If you missed the 2010 Western Conference final between the San Jose Sharks and the Chicago Blackhawks, you missed Evgeni Nabokov’s last game in the NHL. Russian newspaper Sovetsky Sport is reporting that the former Sharks goaltender has signed a four year contract with SKA St. Petersburg (link is in Russian) in the Kontinental Hockey League in Russia. Alexander Zaitsev from website Russian Hockey Fans has the details.
Evgeny Nabokov has signed a 4-year, $24-million contract with SKA St. Petersburg of the KHL, as reported by the Russian newspaper Sovetsky Sport.
The Sharks already made their bed with goaltending by saying they weren’t bringing back Nabokov in the first place and then signing Antero Niittymaki to seal the deal.
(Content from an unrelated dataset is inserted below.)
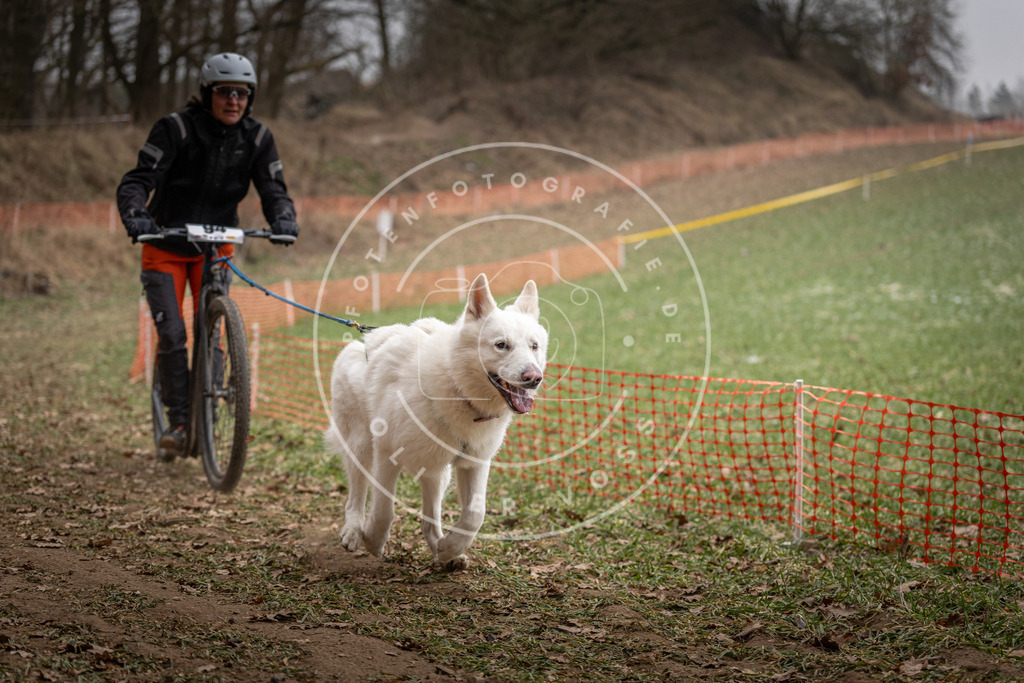 Pfotenfotografie_DV3A6921 | Hundefotografie, Tierfotograf, Pfotenfotografie, Fotoshooting Hund, Hunde Portrait, Hundesport, Hundeportraits, Heideshooting, Hunde, Sportfotograf, Hundefotograf, Turnierhundsport, THS,  - Realisiert mit Pictrs.com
The rest of the league followed suit by not hurrying up to sign both Nabokov and Dallas’ Marty Turco. With money seemingly running thin around the NHL and goaltending jobs being filled by less-expensive players, the writing was on the wall for Nabokov and the money was out there to be had back home in Russia. One interesting note to add, according to Yahoo’s Dmitry Chesnokov, SKA St. Petersburg also went out of the way to make special arrangements for Nabokov.
Nabokov’s Russian agent Isakov told Sovetsky Sport that “Nabokov will come over to Russia in the beginning of August with his entire family. We agreed on the sum with the St Petersburg club long time ago, and we were figuring out living related questions lately, which were related to the move of Evgeni’s family to St. Petersburg.”
The curious side effect of all this is the one it has on Ilya Kovalchuk’s negotiations. Earlier today we mentioned that SKA St. Petersburg was also inquiring into Kovalchuk’s availability. The catch with how things go salary cap-wise in the KHL is that each team is allowed to ignore salary restrictions on one player per team. SKA St. Petersburg has now used that exception on Nabokov, thus making any potential offers to Kovalchuk impossible to complete.
Unless another KHL team was to step out and make a possible offer, Kovalchuk is now left with having to negotiate with NHL teams which means having to make salary demands a bit more NHL-friendly if he’d like to play here. The cynical side of me wants to say that there’s no coincidence in Nabokov’s announcement and the news that Ilya Kovalchuk has re-engaged discussion with the Los Angeles Kings in contract talks.
UPDATE: Yahoo’s Dmitry Chesnokov clears up the KHL salary discussion via
There is no salary
cap in the KHL for players signed (or poached) from the NHL. For those
who were asking.
In other words, the KHL has carte blanche from KHL President Andrei Medvedev to sign any players from the NHL they can potentially bring on. Of course, then it’s up to those teams to be able to afford the players which is another thing entirely in some cases.